I have been at the ‘Preventing Sexual Violence in Conflict Ministerial Conference’ this week, hosted by the UK government, speaking about the role education has to transform our world. Sustainable investment in equitable transformative education will prevent violence and promote peace. It is an essential ingredient to tackling sexual violence and transforming harmful gender and social norms.
In Sierra Leone we are taking action now. The reality is that simple policies can transform societies:
- We have banned corporal punishment in schools.
- We have developed and rolled out a guide to reducing violence at the school level. Teachers are central to this.
- We have developed a national pathway to justice for survivors of violence in and around schools.
- We have enacted a national policy on radical inclusion in schools.
And this is still not enough. We are developing the Comprehensive School Safety Policy and are working to scale up programs and plans to make sure every child in a school uniform is safe to learn.
At the PSVI conference, I had the opportunity to meet with friends, partners and colleagues to discuss ways to mobilize more action. One way this is happening is through signing the Freetown Manifesto, developed in 2022 by partners including UNGEI, UNESCO and the Global Partnership for Education. The purpose of the manifesto is to build momentum for gender equality in and through education.
We are thrilled the UK government signed up during the conference and I call on all governments, organizations and individuals to sign up today to enable us to come together in this movement.
Another way was through announcing myself as a political champion for Safe to Learn, a global partnership convening countries and organizations who are as committed as I am to ending all forms of violence in, around and through schools.
At the conference there was recognition that children’s access to safe, inclusive and gender transformative education can prevent the systemic social norms that enable violence to happen, and to be exaggerated in times of conflict.
Schools have often been a safe haven from violence. They are more than that. They are a place where ideas develop to make sure the safe haven is not just the school but that it grows and expands across the community and country. The seeds of peace are sown in our classrooms.
Timing is critical when it comes to achieving change.
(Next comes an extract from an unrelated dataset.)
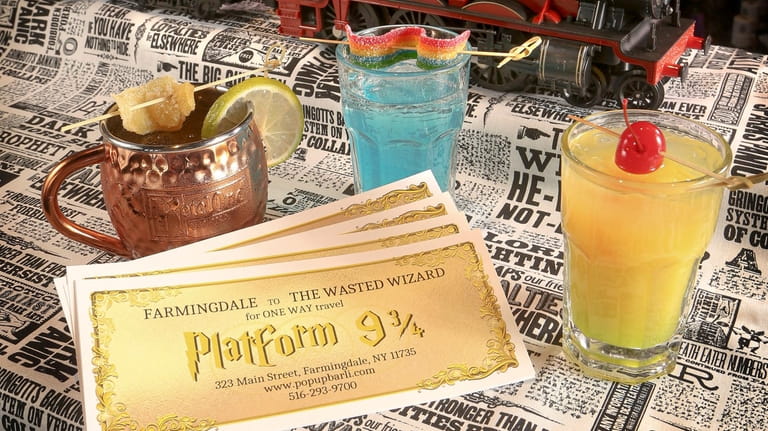 A "Harry Potter"-themed pop-up bar experience is coming to the...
It was clear at the conference that not enough has been done at the global level over the last 10 years to achieve real change.
This time it must be different. We need change now. We need it not just for the survivors who explained so powerfully not just why, but how violence can be prevented. We need it for every child who will wake up tomorrow, put on their school uniform and who should never have to experience the fear and violence so many before them have experienced.